### [Problem requirements]
Only one part of the listing is needed: the lines from the one with "Elegante lampenvoet beige" through the last line, copied exactly and free of pictures.

### [Entries shown]
***
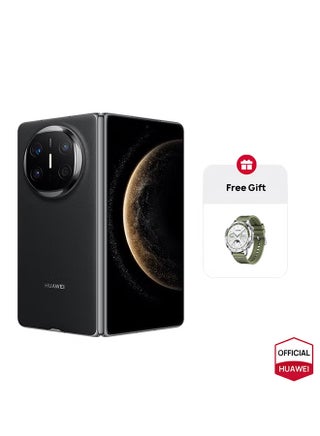 Mate X6 Dual SIM 12GB RAM 512GB Black with Watch GT4 + 6-Months Huawei Care+ - Middle East Version - pnsku/N70134536V/45/_/1741846404/f328dd15-e4ea-4761-91af-a8ca29199906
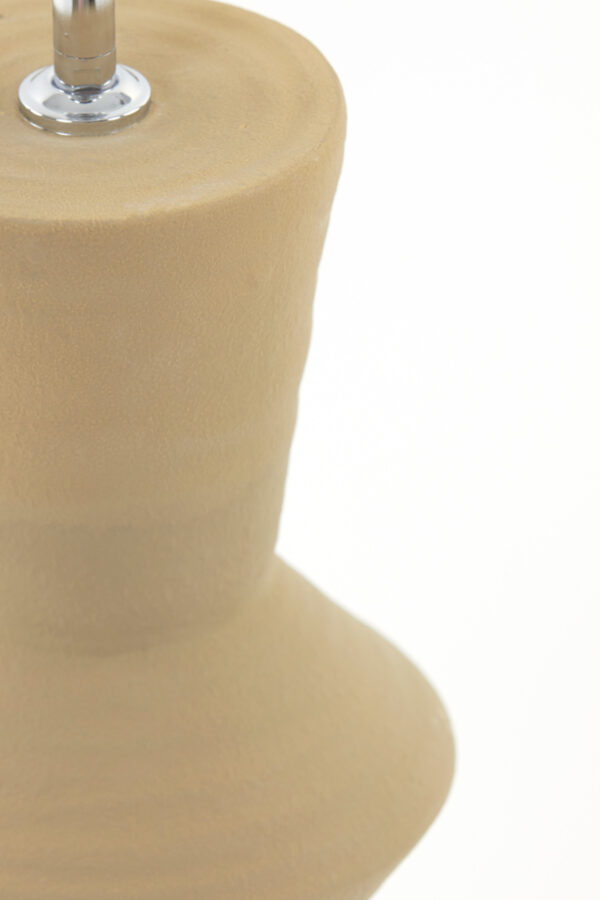 Elegante lampenvoet beige Light & Living Ayla - H 51 cm - Image 8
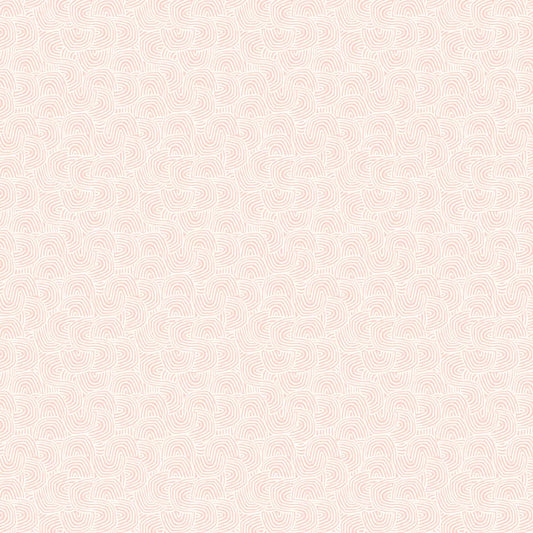 Venation Mini - Powder Wallpaper
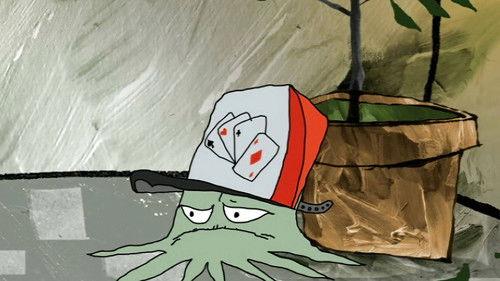 Squidbillies Season 1 Episode 5 - Family Trouble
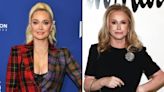 Erika Jayne Accuses Kathy Hilton of Using Gay Slur During Aspen Trip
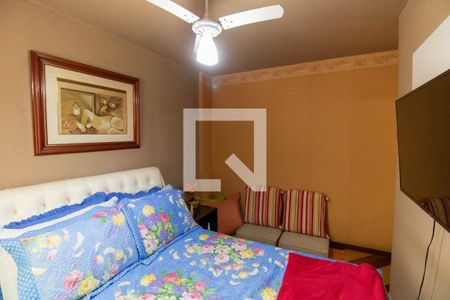 Quarto 1 de apartamento à venda com 2 quartos, 50m² em Largo do Barradas, Niterói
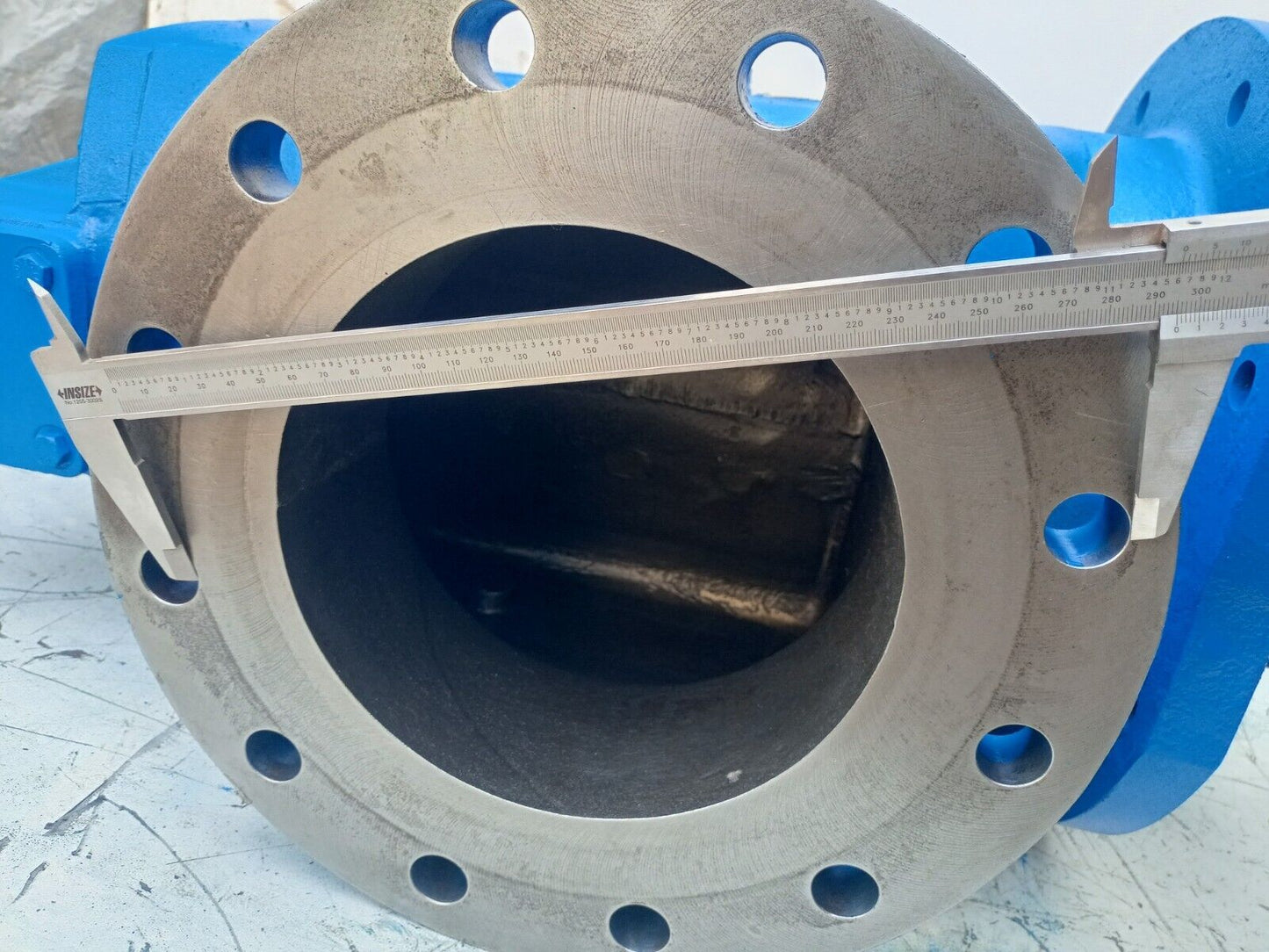 IMO pump ACF 110L4 IRBP Triple screw pump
***
### [Result]
 Elegante lampenvoet beige Light & Living Ayla - H 51 cm - Image 8
 Venation Mini - Powder Wallpaper
 Squidbillies Season 1 Episode 5 - Family Trouble
 Erika Jayne Accuses Kathy Hilton of Using Gay Slur During Aspen Trip
 Quarto 1 de apartamento à venda com 2 quartos, 50m² em Largo do Barradas, Niterói
 IMO pump ACF 110L4 IRBP Triple screw pump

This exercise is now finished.